Es sei nicht unwahrscheinlich, dass der nächste EZB-Präsident in seiner achtjährigen Amtszeit mit einer italienischen Schuldenkrise konfrontiert werde. Die Frage, ob die EZB dann in großem Maße Staatsanleihen Italiens kaufen werde, sei für Deutschland von enormer finanzieller Relevanz. Mit einem EZB-Präsidenten, der wie Weidmann als Kritiker der Anleihekäufe gelte, sinke die Gefahr “einer von der EZB organisierten umfangreichen Transferlösung für hoch verschuldete Euro-Staaten”.
Anders als bei der Europa-Wahl vor fünf Jahren kommen die konservative EVP und die sozialdemokratische Parteienfamilie (S&D) zusammen nicht mehr auf eine Mehrheit im EU-Parlament, um einen Kandidaten zu wählen.

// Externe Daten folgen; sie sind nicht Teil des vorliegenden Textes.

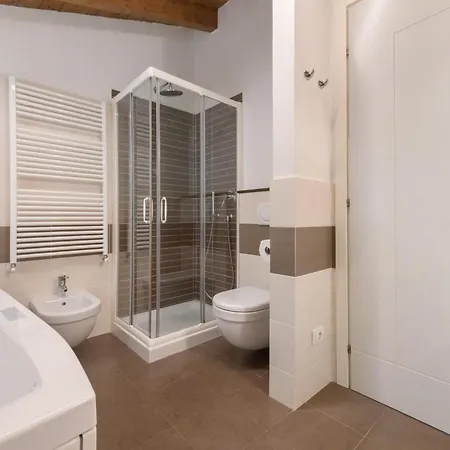 Luxury Lakefront Maisonette アパート レッツェノ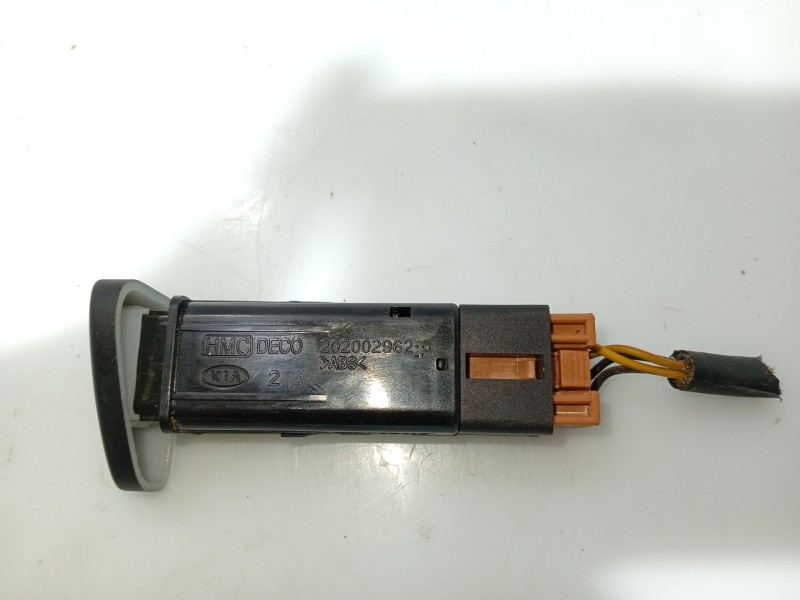 Recambio de interruptor para hyundai accent (mc) referencia OEM IAM 202002962  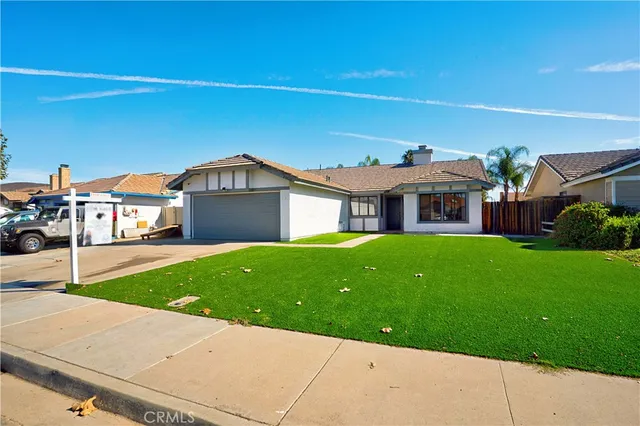 $585,000 | 29826 Avenida De Cortez, Menifee, CA 92586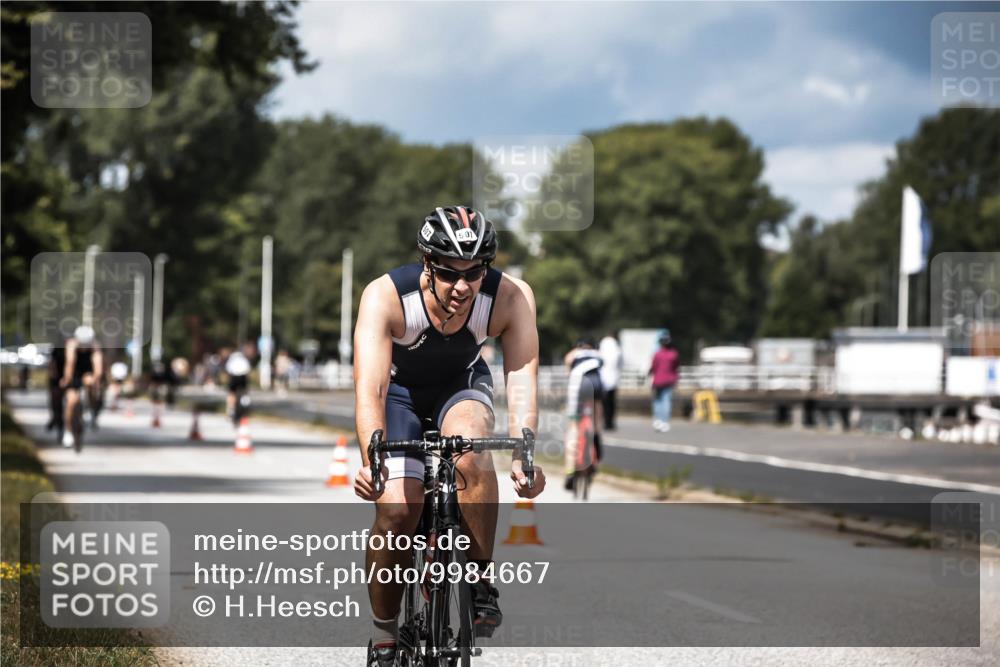 16.08.2026 - KN Förde Triathlon 2026 H.Heesch http://msf.ph/oto/9984667 16.08.2026 12:59:45 Radfahren 362, 506, 507, 520 meine-sportfotos.de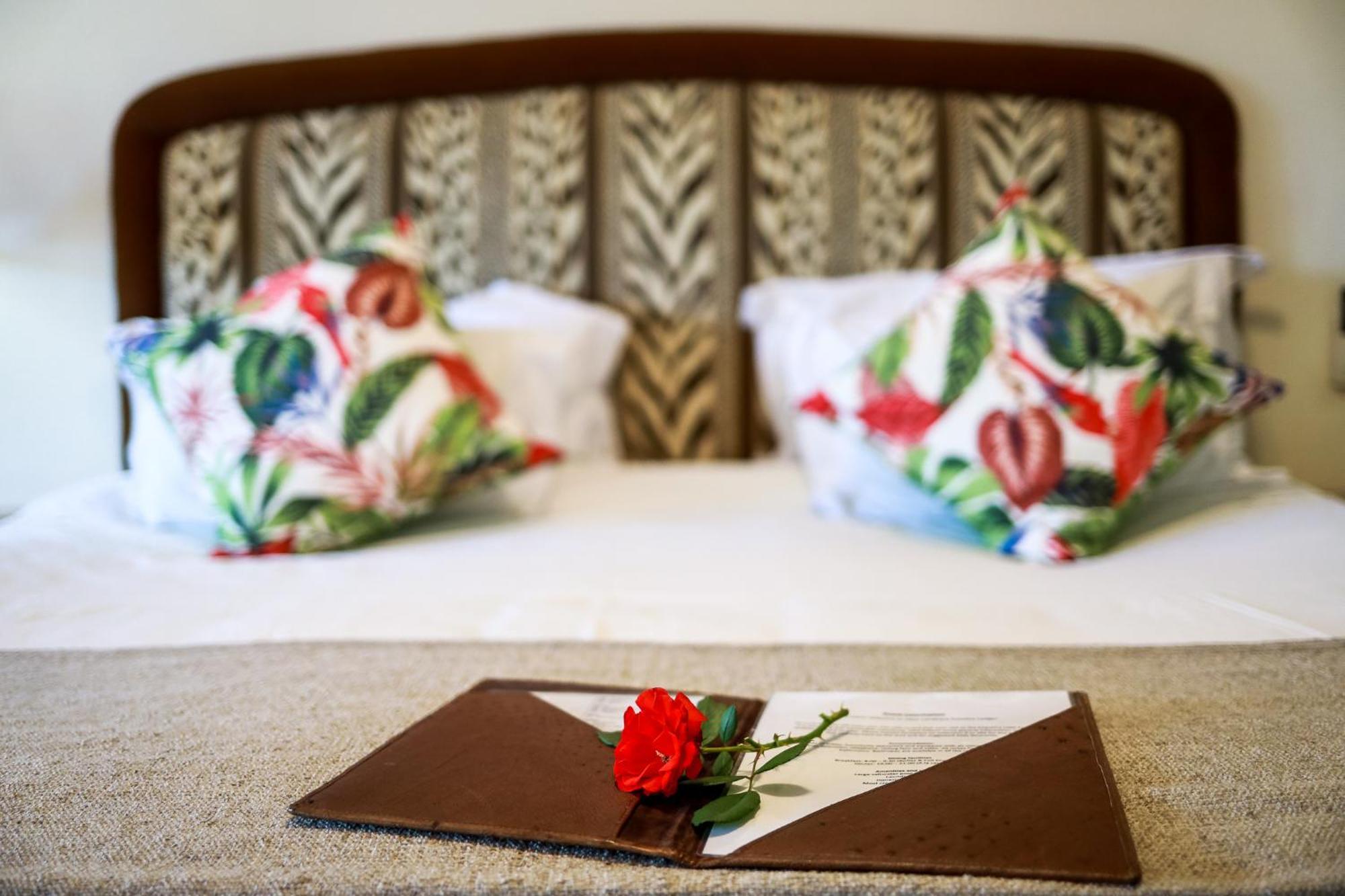 Altes Landhaus Country Lodge Oudtshoorn Esterno foto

Sie brauchen also weitere Partner - etwa Liberale oder Grüne. Ökonom Fratzscher schließt nicht aus, dass letztlich die liberale dänische EU-Kommissarin Margrethe Vestager das Rennen machen wird: “Wichtig ist, dass man nicht eine Person etabliert, die eine Puppe der großen EU-Länder ist.” Vestager habe als Wettbewerbskommissarin bei der Ablehnung der Zugsparten-Fusion von Siemens und Alstom gezeigt, dass sie Deutschland und Frankreich auch einmal die Stirn bieten könne.
Falls Weber leer ausginge, könnte die Bundesregierung ihr ganzes Gewicht einsetzen, um Bundesbankpräsident Weidmann an die Spitze der EZB zu bringen, sagte ein EU-Vertreter, der anonym bleiben wollte. Ohne eine schnelle Mehrheitsfindung dürfte der Ball nach Aussagen von EU-Vertretern dann schnell im Feld der Staats- und Regierungschefs landen. Die haben ihren Anspruch bereits angemeldet und für Dienstag einen Sondergipfel angesetzt. Auf dem Treffen könnten unter Leitung von Ratspräsident Donald Tusk wichtige Vorentscheidungen über das künftige Spitzenpersonal gefällt werden, sagten drei mit der Sache vertraute Personen.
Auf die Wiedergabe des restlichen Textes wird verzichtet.